MC: Morning Paul, how are you?
PS: I’m very good. You’re not the most popular man in Peterborough this morning.
MC: Well, there you go,. That’s the problem with being a politician. You can’t please all of the people all of the time.
PS: Some very difficult choices had to be made this year.
MC: Yeah .. very .. well, you know I’m not so sure that that is exactly right. I mean, to be fair everybody’s prot… or the youngsters are protesting about the buses, and to be, to be completely honest there won’t be a single person in this city who, when they need a bus, can’t catch a bus. And, you know, I’ve gone through this with a tooth comb, my Cabinet members have gone through this with a tooth comb, in fact in many places in our city the bus service will be enhanced because there’ll be bus services where there weren’t before. So, I understand that nobody likes change, but the reality of it is, even Cllr Sandford said last night, in council, that if you wanted to catch a bus at ten o’clock at night, from Walton to the Showcase cinema, you might not get one. But as far as I know, that may be the only bus service that has been affected.
PS: Yeah, but but but how do you square ..
MC: (grunts)
PS: … spending money on wi-fi, water taxis, football grounds, and cutting subsidies to school meals.
MC: OK because we can’t constantly … first of all let’s take the school meals. First of all it’s not a service subsidy to school meals. I understand why everybody is worried and I’m as concerned about is as everybody else, but this is not a subsidy. Peterborough City Services tendered for that work. The tender has come to an end.
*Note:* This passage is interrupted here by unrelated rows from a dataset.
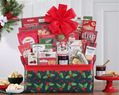 Gift basket with a red bow filled with snacks and treats 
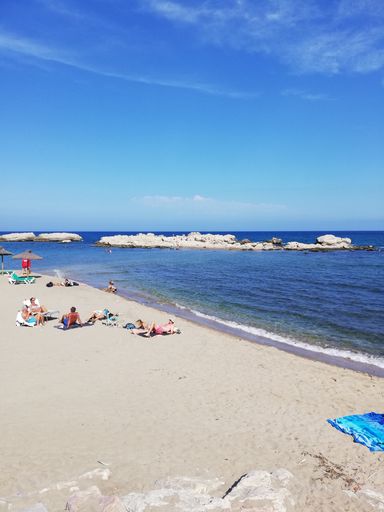 A vertical shot of the beautiful beach on the Costa Brava, Spain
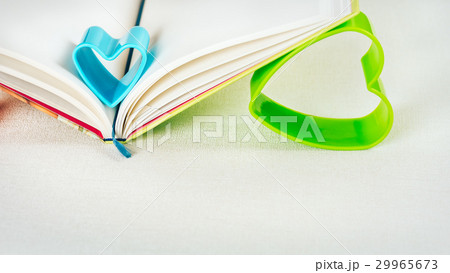 Blue and green hearts holding pages of open diary Blue and green hearts holding pages of open diary 29965673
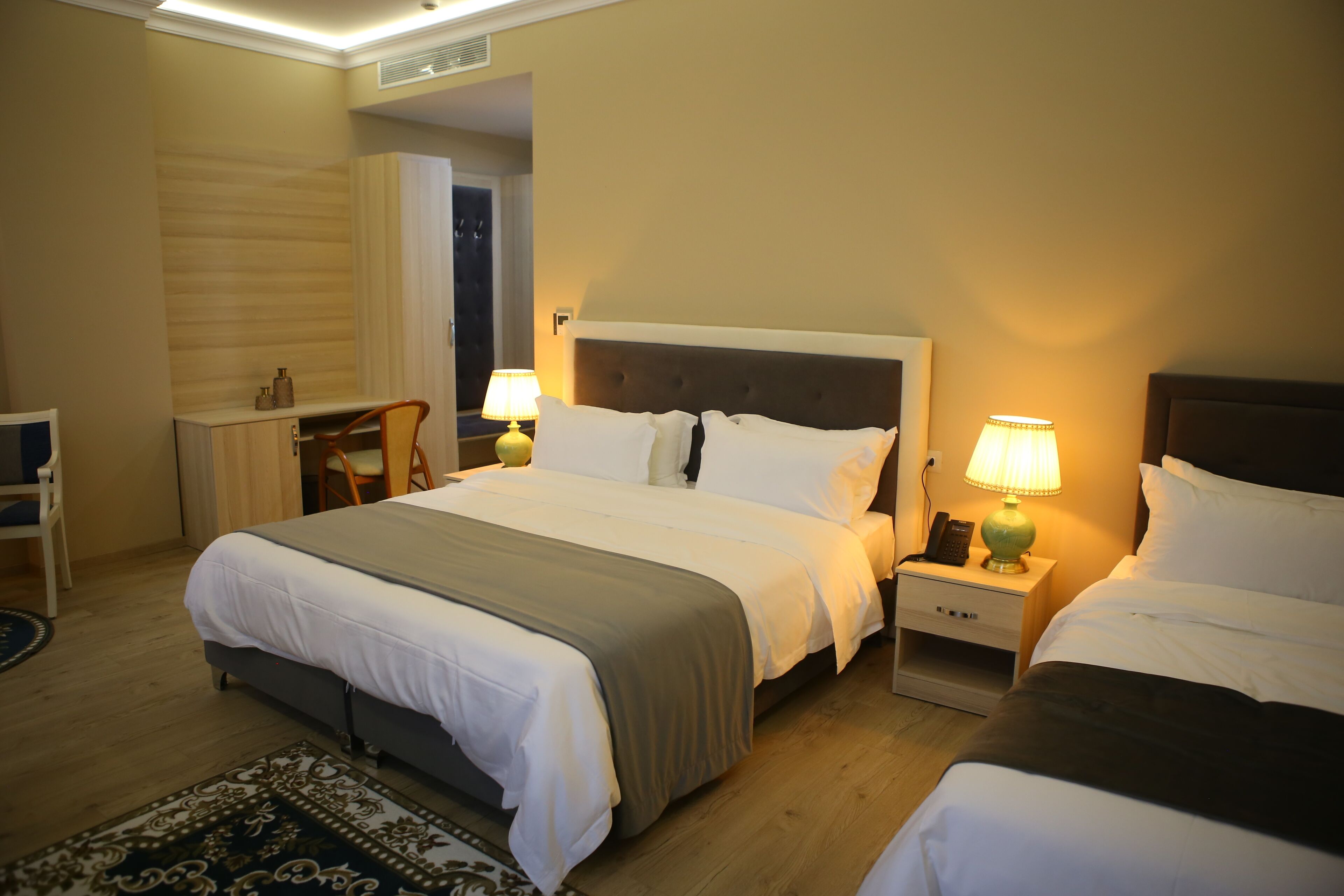 Habitación de hotel con una cama grande, dos mesitas de noche con lámparas, un escritorio y una silla.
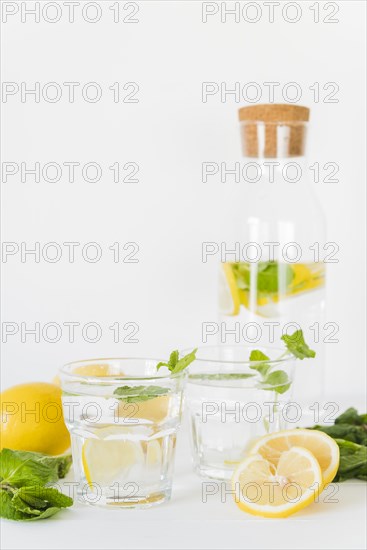 Glasses bottle with lemon mint drink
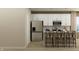 Contemporary kitchen with stainless steel appliances, an island with seating, and sleek cabinetry at 624 Bridgeman Rd, Avon, IN 46123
And the schools quite rightly want a new price. The new price, three years later is what it is. Many of the schools actually haven’t used Peterborough City Services any more. And are doing it themselves.
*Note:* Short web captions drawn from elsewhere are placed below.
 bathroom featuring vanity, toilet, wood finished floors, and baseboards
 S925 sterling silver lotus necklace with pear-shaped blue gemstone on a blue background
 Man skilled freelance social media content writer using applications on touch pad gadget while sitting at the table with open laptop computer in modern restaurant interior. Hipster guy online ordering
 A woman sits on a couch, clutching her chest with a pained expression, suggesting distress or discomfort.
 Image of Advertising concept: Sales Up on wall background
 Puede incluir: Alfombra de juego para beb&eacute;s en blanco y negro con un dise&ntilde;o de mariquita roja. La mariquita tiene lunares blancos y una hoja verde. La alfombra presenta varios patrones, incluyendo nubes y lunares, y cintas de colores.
PS: The vast majority do Marco, the vast majority do.
MC: No well that’s not .. again ..that’s what I have .. as I understand it .. there’s lots of schools that have gone out to tender with other people, and getting what they consider to be a better service at a lower price. Now we’re quite happy to talk to any Headmaster, or anyone else in the schools, who wants us to spread best best practice. So in the final analysis this is not about cuts, it’s about a three year contract that’s come to an end, and a new price, based on modern, you know, present wages etcetera etcetera etcetera has been offered. Now that some of the schools have chosen to take it, some of the schools haven’t. If those schools that think that they’re overpaying want us to put them in touch with some of the organisations that can provide really high quality school meals at a better price we were happy to do so.
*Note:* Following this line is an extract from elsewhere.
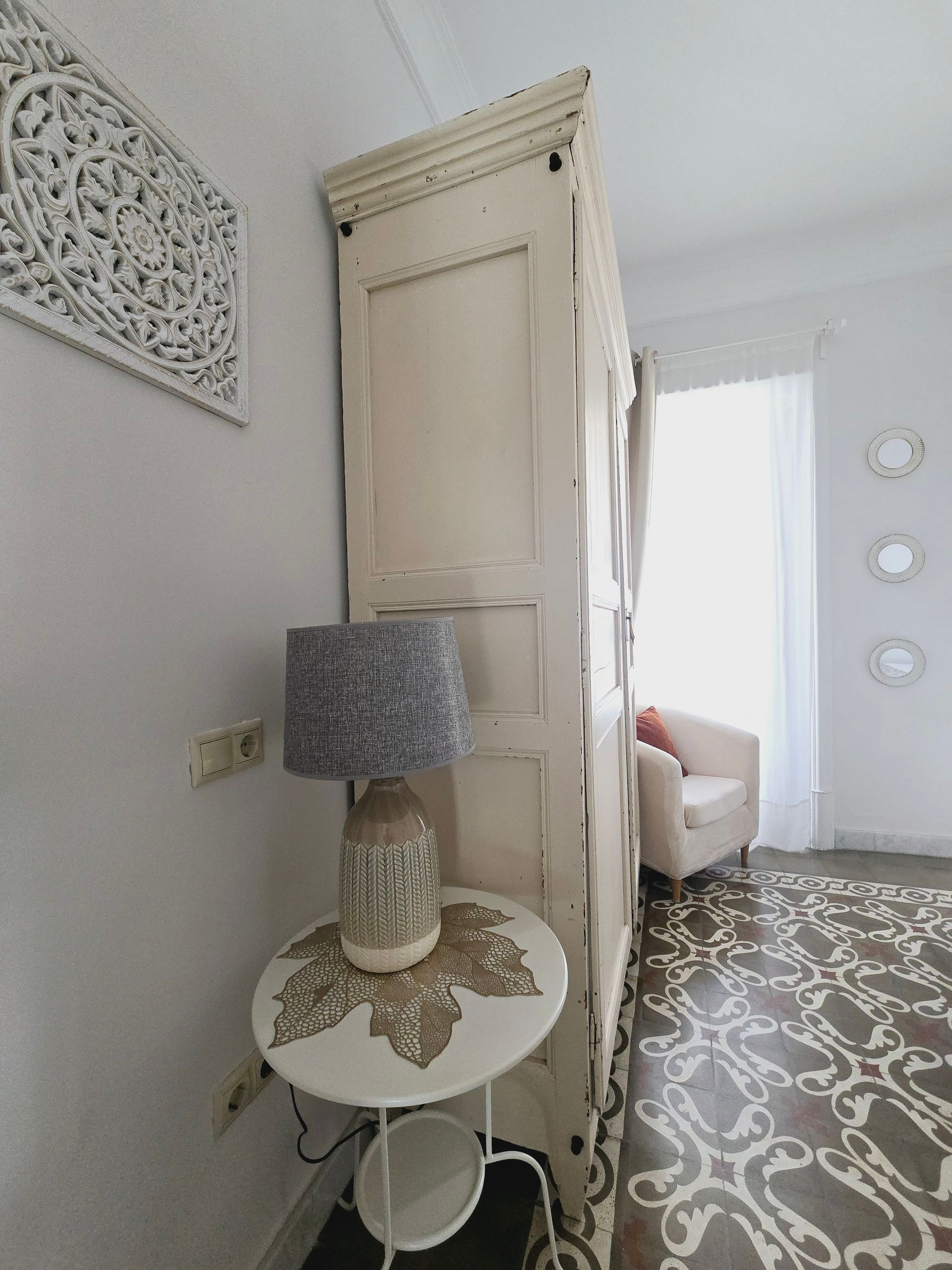 Un armario vintage blanco separa una habitación con suelo estampado. Una lámpara reposa sobre una mesa pequeña.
PS: Yeah I mean you you could have cut council tax further though couldn’t you, I mean we worked out that, you know, for every sixty grand or so that er you save, you can get council tax down by 0.1% so if you cut the money on what some people are calling vanity projects, you could have got council tax down even further, er and help people through these difficult times.
MC: We could have cut services even further and perhaps even given a discount on the council tax and then you and I would be arguing why are you cutting council tax and cutting services.
PS: No I don’t think they want services cutting I think they want these projects like water-taxis, wi-fi, they can wait can’t they?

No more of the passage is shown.